==== TASK DATA
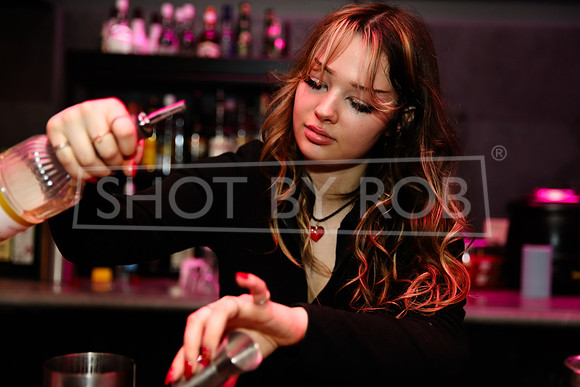 SHOT_BY_ROB-5710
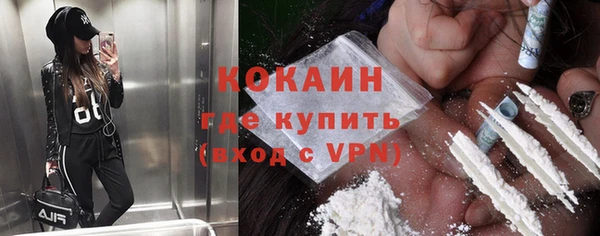 молекула духа Лихославль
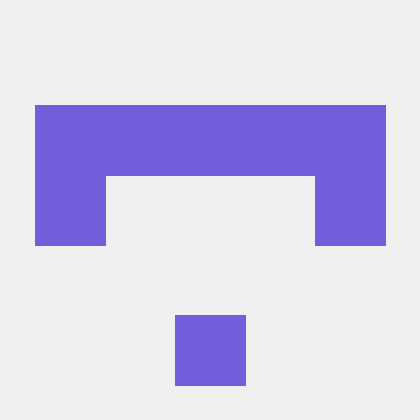 Github Idvxlab Urania - Mobile Nature Illustrations for Desktop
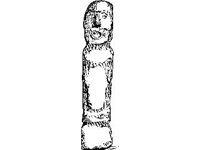 CVLZ1890.jpg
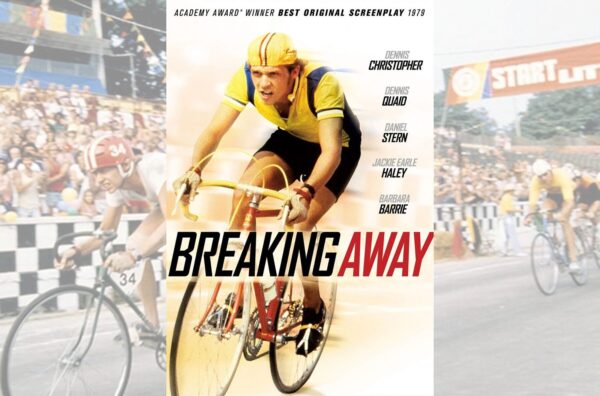 ‘Breaking Away’ with Jonathan Ellsworth & Simon Stewart (Ep.17)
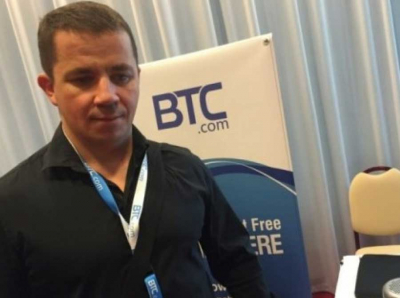 История крушения финансовой аферы Questra World и Atlantic Global Asset Management обрастает новыми фактами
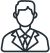 Whois 3 Vector 24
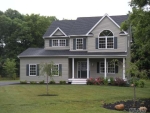 17 Newport Ct Miller Place, NY 11764 - Image 1238360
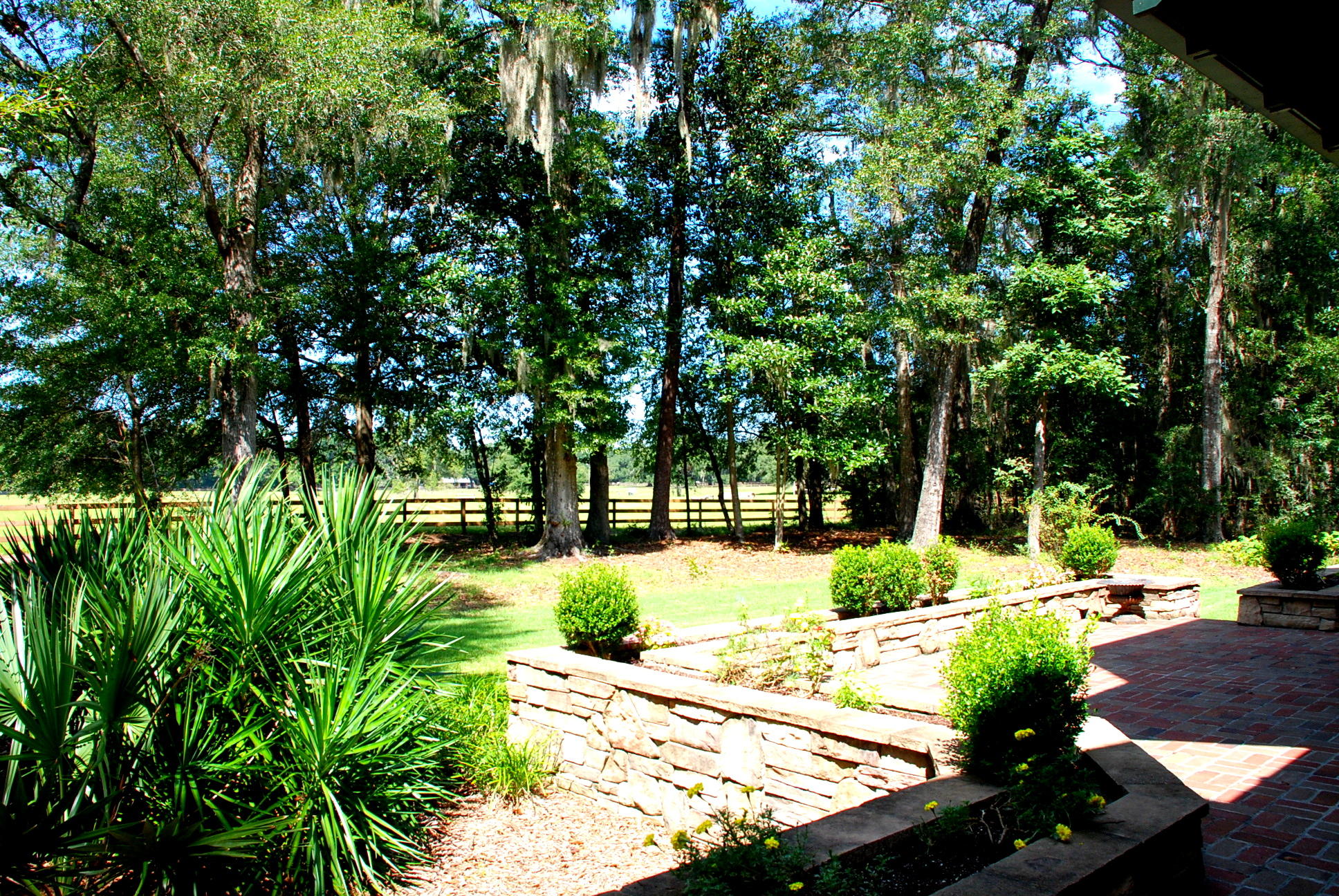 28 Middleton Oaks Road Charleston, SC 29414 - Photo 8 of 64 DSC_6068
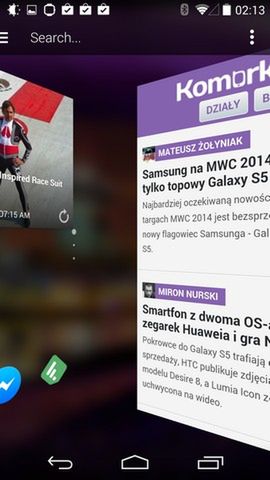 Weekendowy Zestaw Gier i Aplikacji: Colin McRae Rally, TimePIN i Tanie żarcie 8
========
ACTION ITEM: Pictures do not belong in the copy. Repeat exactly each line from the one with "История крушения финансовой" through the end of the listing.

EXERCISE SOLUTION:
 История крушения финансовой аферы Questra World и Atlantic Global Asset Management обрастает новыми фактами
 Whois 3 Vector 24
 17 Newport Ct Miller Place, NY 11764 - Image 1238360
 28 Middleton Oaks Road Charleston, SC 29414 - Photo 8 of 64 DSC_6068
 Weekendowy Zestaw Gier i Aplikacji: Colin McRae Rally, TimePIN i Tanie żarcie 8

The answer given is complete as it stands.